At Euro's 2014 we all got a FMC notation sheet, after which I wondered if we were obliged to use this. Oliver Perge (delegate) thought we had to, although I am convinced we don't. 

I asked this, because sometimes your solution is on your 'notes sheets' and you don't have time to write down the solution on the 'official' notation sheet, or sometimes it can happen you write down your solution on the 'official' sheet and find a better solution. In both cases it's perfectly reasonable to not hand in your solution using the FMC notation sheet.
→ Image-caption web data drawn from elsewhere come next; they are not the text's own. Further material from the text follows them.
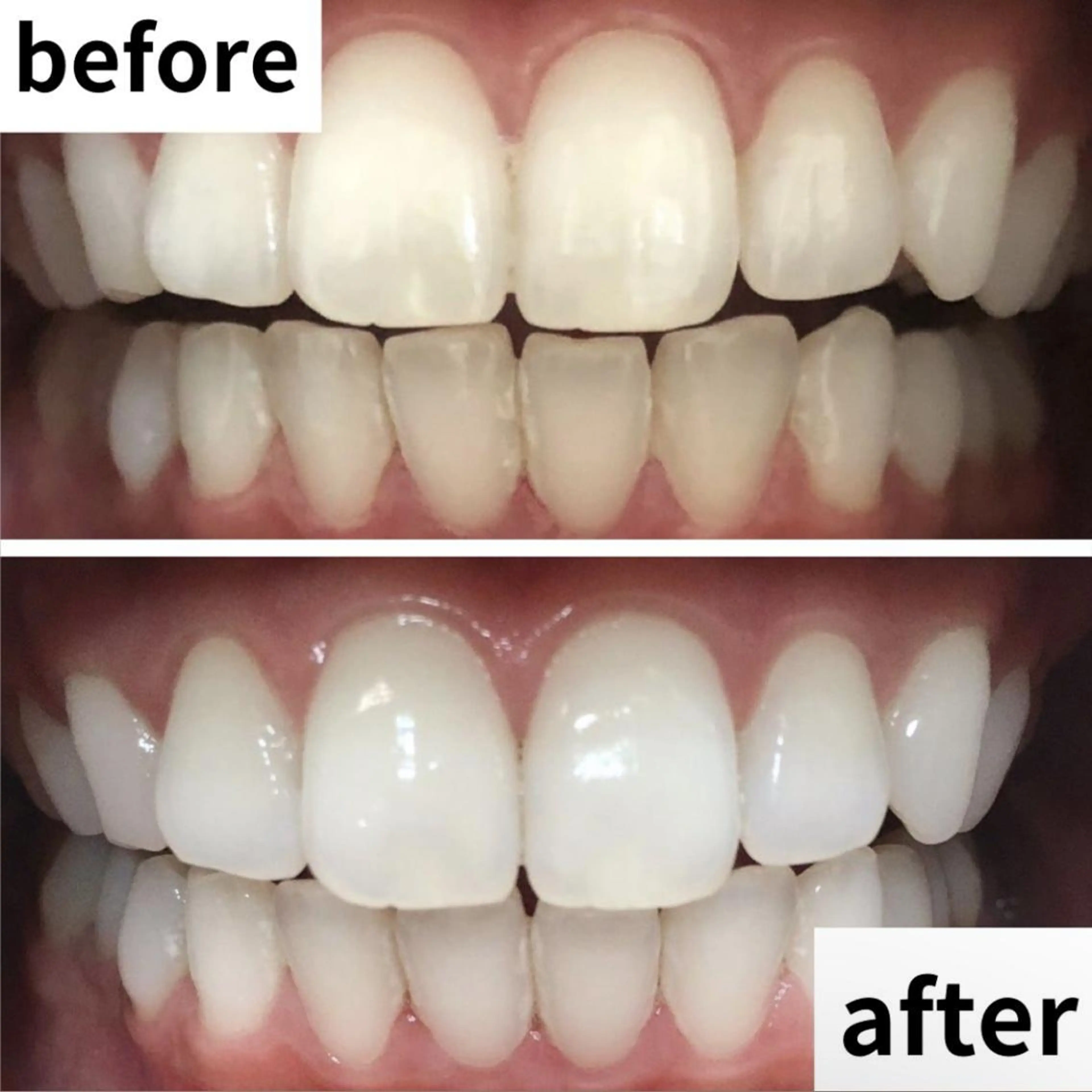 LBSホワイトニング 🌐渋谷店 小河原のエステ・リラクイメージ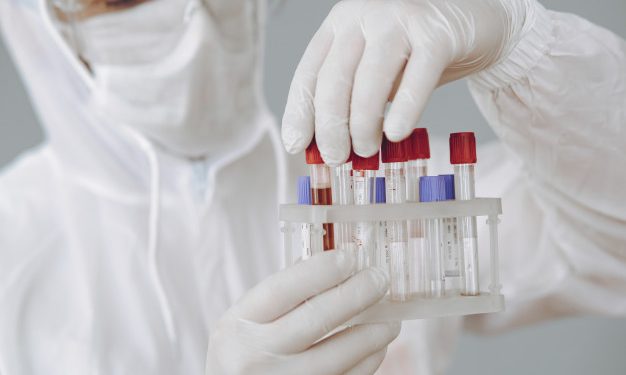 70% dos casos de nova cepa do coronavírus no Ceará são de variantes não detectadas na primeira onda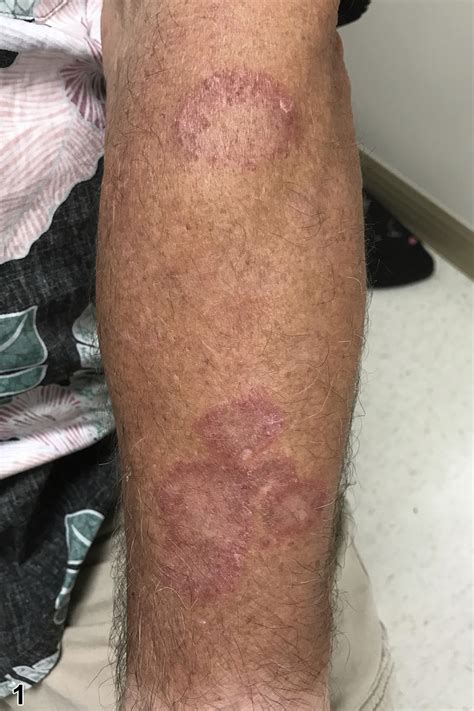 Annular Erythematous Plaques In The Marianas Jaad Case Reports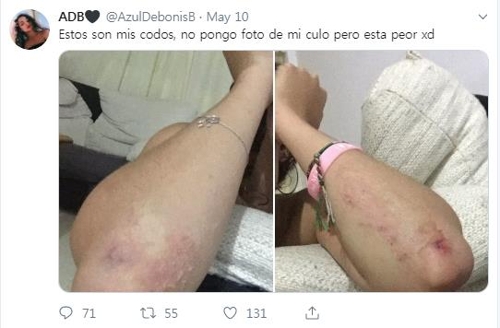 한 여성이 에스테포나에서 미끄럼틀 타다가 부상당한 팔꿈치를 공개했다. [트위터 캡처]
After checking the regs and discussing this issue with several other delegates I have come to the conclusion that it's not obligatory to use the FMC notation sheet, but it's recommended as it makes checking the solution easier. It's very important though, to make clear what is part of your solution and what isn't (ex: by putting a big circle around your solution, or by striping through any notes that are not part of your solution). Also: don't forget to write down your name on the 'notes sheet' if you choose to hand this one in. 

Btw: maybe E2c should state: "within or at 60 minutes" instead of "at". It would spare a guideline.

*2. The use of any other objects than your cubes*
The regs say you can use your 3 Rubik's cubes, paper, pens and coloured stickers (does white count as a colour as well?...). It does not say anything about a stopwatch or, mobile phone as a stopwatch, food or water. Still this part is a bit vague. At Euro's 2014 Henrik (delegate and judge for FMC) had us put our cell phones on the ground to prevent us using them. I am convinced we don't have to follow such instructions as long as we don't use our phones.
Whether we can use a stopwatch to keep track of the time or not, or use your mobile phone as one is also not clear to me. Sometimes the orga team even provides stopwatches on the tables and sometimes competitors bring stopwatches themselves.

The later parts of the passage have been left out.